Pero unos políticos más responsables al frente de los grandes partidos de la democracia, unos líderes más atinados que este despistado pueblo sometido a prospección por el CIS, habrían alcanzado acuerdos en materias de Estado, corrigiendo las deficiencias de la Carta Magna. Fallos lógicos, cierto es, en un constituyente hijo de su tiempo, de su contexto. Pero, treinta y cinco años después, seguimos sin imaginar a derecha e izquierda poniéndose de acuerdo para blindar los principios que definen a nuestro sistema. Principios sin cuya efectividad jamás conocerá España el cierre competencial, ni una auténtica estabilidad, ni la fortaleza institucional, ni la unidad de mercado, ni la lealtad del desleal, que no se obtiene de grado.

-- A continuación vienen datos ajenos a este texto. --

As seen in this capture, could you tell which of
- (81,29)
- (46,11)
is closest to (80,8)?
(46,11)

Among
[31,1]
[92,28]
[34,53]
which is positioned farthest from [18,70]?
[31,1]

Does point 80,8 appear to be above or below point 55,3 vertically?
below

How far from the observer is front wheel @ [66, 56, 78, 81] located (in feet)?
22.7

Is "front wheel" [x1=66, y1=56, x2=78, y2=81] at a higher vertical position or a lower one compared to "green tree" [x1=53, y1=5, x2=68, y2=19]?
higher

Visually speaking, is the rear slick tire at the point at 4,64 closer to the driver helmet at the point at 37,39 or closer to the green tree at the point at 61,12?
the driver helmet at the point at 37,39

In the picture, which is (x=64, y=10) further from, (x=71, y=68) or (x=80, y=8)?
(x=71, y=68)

Pero unos tienen más culpa que otros, aunque ambos –PP y PSOE– hayan persistido en el error de colocar tan graves asuntos en manos de un nacionalismo catalán («garante de la gobernabilidad») que no alcanza el 4 % del voto nacional. Bastaba con que en algún momento de estos treinta y cinco años constitucionales actuaran con algún sentido histórico las dos formaciones que sumaban el 80% del voto español (nunca volverán a verse ahí). ¿Por qué no lo hicieron? Porque, como la mayoría de compatriotas, y a la vista está, en realidad no creen que el nacionalismo sea un problema. Es decir, porque no se lo toman en serio, no consideran que haya que interpretar sus avisos al pie de la letra. Y también porque el PSOE hizo una excepción al conformarse como el partido socialista nacional: la excepción del PSC.

El PSC es la verdadera causa de que una tercera parte de los catalanes apuesten hoy por un Estado abierto a las secesiones. Pere Navarro trabaja en pos del «derecho a decidir»… que se queda en España.

Supongo que en las condiciones que, más explícitamente, defendía Pasqual Maragall: con servicio exterior catalán, justicia catalana, hacienda catalana, y un Estado residual. No muy lejos del modelo de Artur Mas. Eso es lo más parecido al PSOE que se puede votar en Cataluña. Y de esa excepción, estos lodos. El nacionalismo no es problema. Ya.